▸ WHAT IS NEEDED
When you write out the listing, keep each word exactly as it stands but include none of its images.

▸ GIVEN DATA
=== Begin Enclosure ===

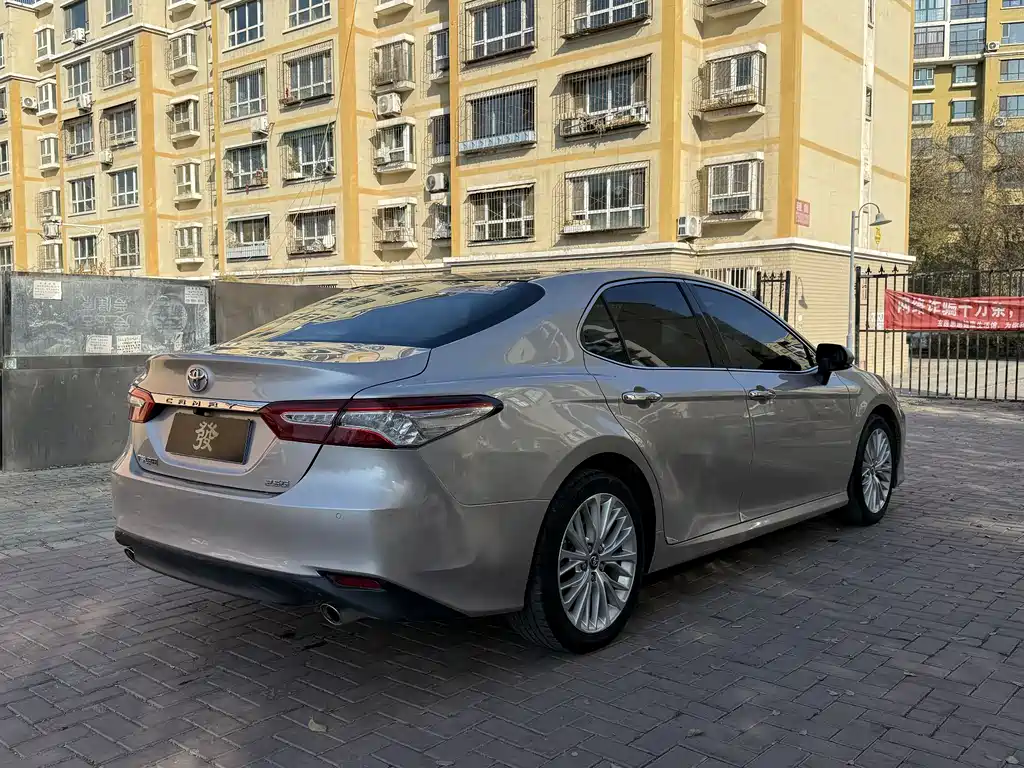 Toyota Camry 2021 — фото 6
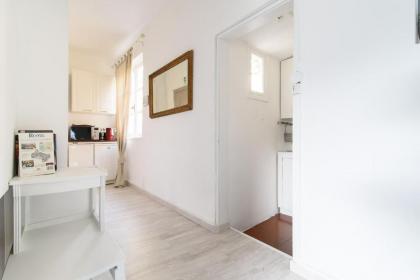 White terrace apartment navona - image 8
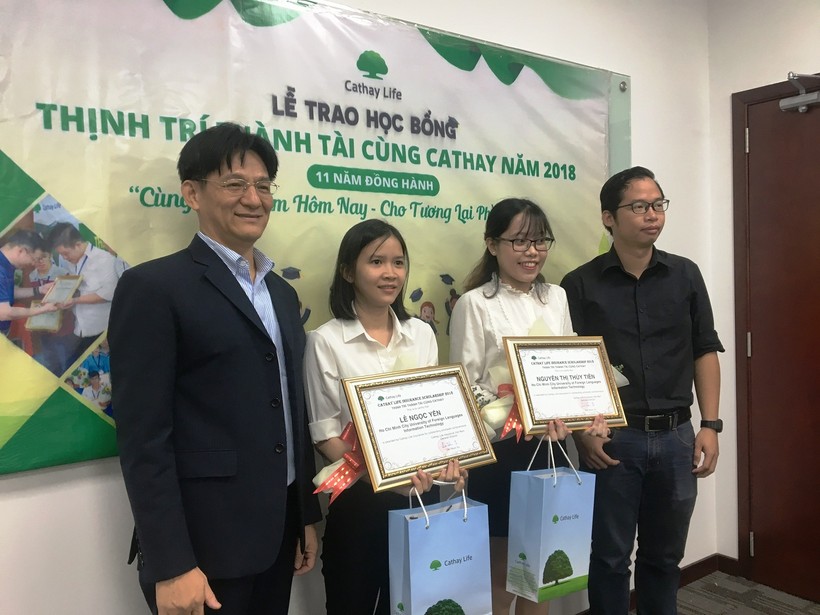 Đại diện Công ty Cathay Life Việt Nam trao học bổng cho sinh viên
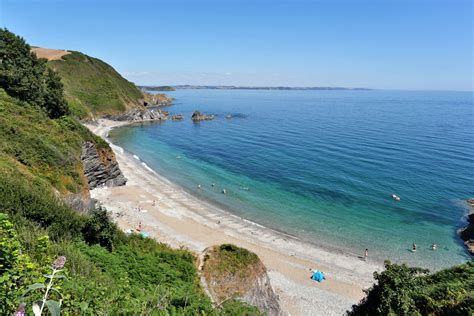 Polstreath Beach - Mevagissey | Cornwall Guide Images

=== End Enclosure ===

▸ WRITTEN SOLUTION
 Toyota Camry 2021 — фото 6
 White terrace apartment navona - image 8
 Đại diện Công ty Cathay Life Việt Nam trao học bổng cho sinh viên
 Polstreath Beach - Mevagissey | Cornwall Guide Images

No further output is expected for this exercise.